Below are records to write out exactly; drop the pictures when you do.

Items listed in a dataset
- Opening Delimiter -

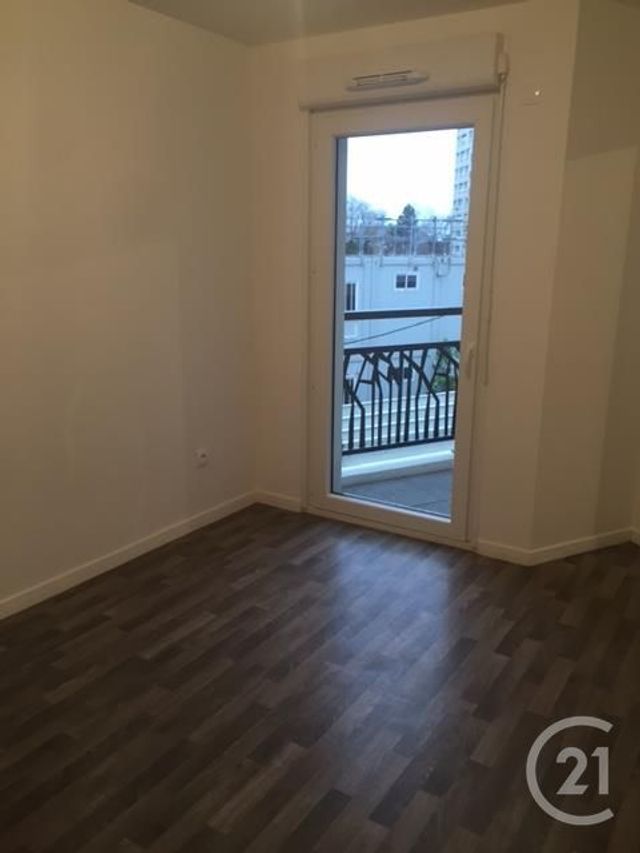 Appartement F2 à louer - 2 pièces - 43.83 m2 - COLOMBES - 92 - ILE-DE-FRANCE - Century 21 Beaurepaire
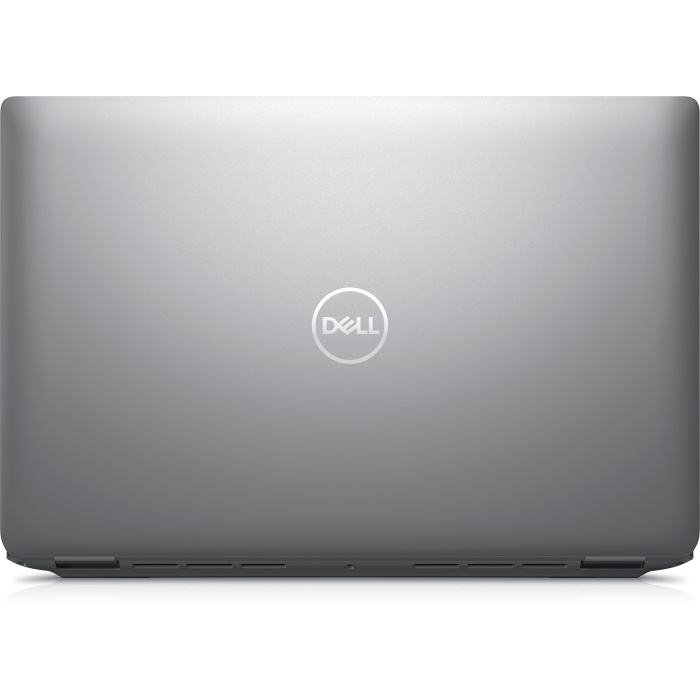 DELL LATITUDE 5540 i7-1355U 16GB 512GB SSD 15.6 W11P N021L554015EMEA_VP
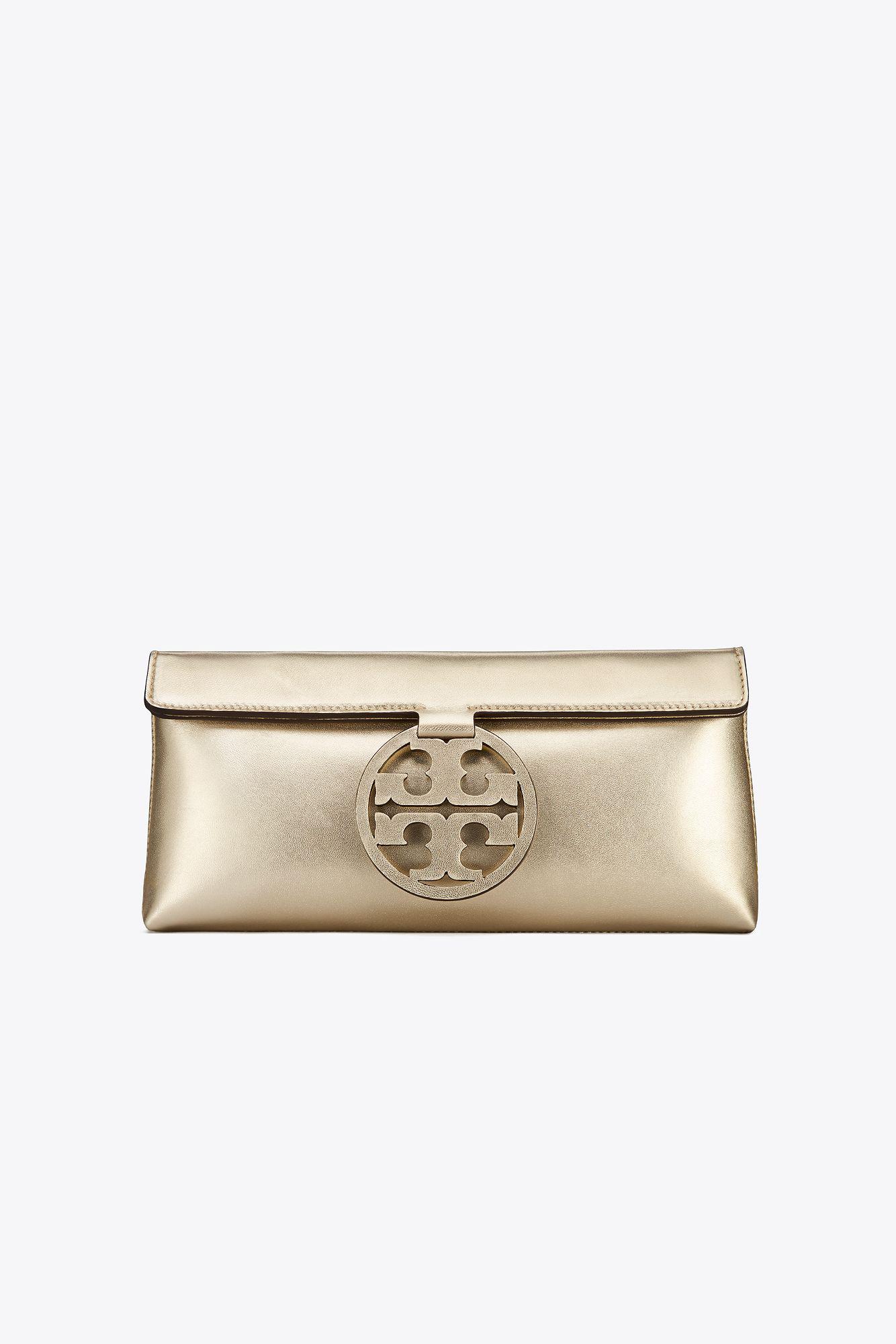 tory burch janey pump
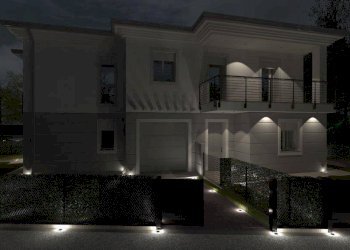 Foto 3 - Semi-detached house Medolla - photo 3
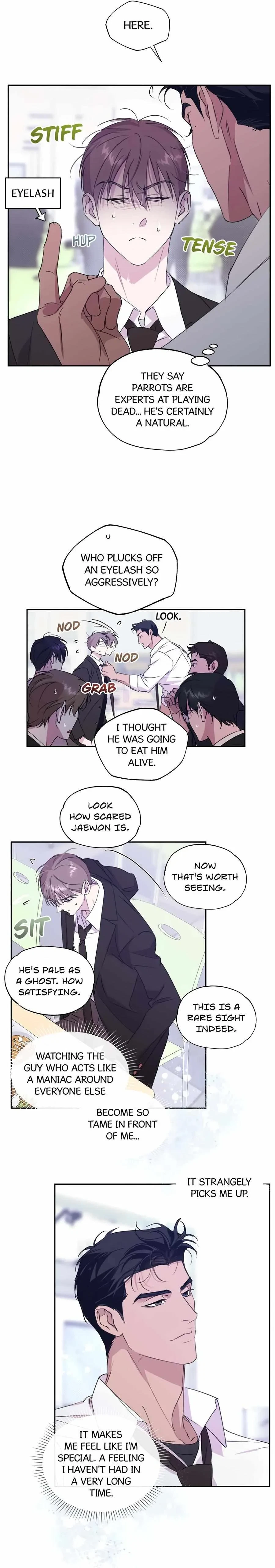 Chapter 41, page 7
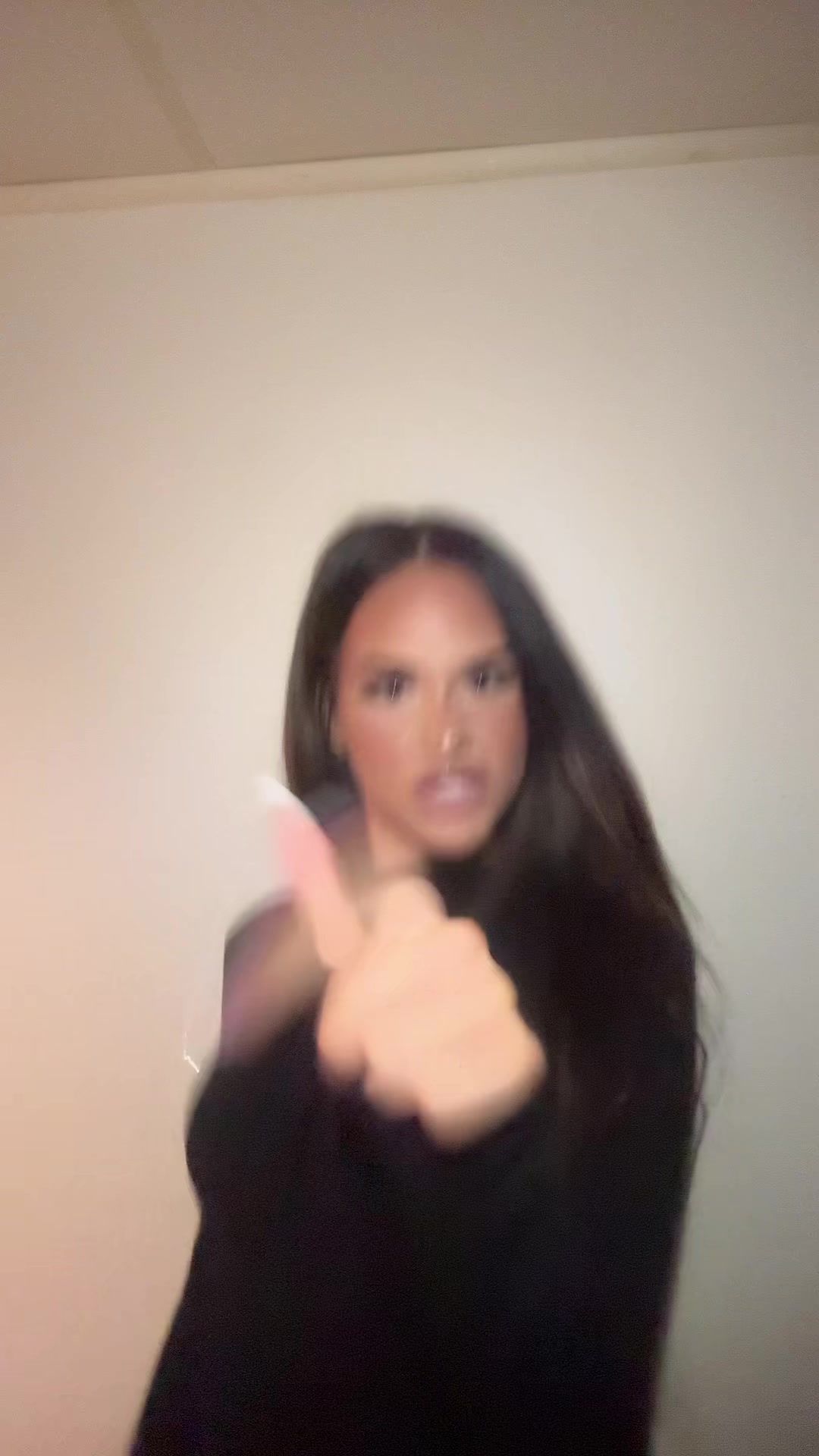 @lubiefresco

- Closing Delimiter -

* [Result]:
 Appartement F2 à louer - 2 pièces - 43.83 m2 - COLOMBES - 92 - ILE-DE-FRANCE - Century 21 Beaurepaire
 DELL LATITUDE 5540 i7-1355U 16GB 512GB SSD 15.6 W11P N021L554015EMEA_VP
 tory burch janey pump
 Foto 3 - Semi-detached house Medolla - photo 3
 Chapter 41, page 7
 @lubiefresco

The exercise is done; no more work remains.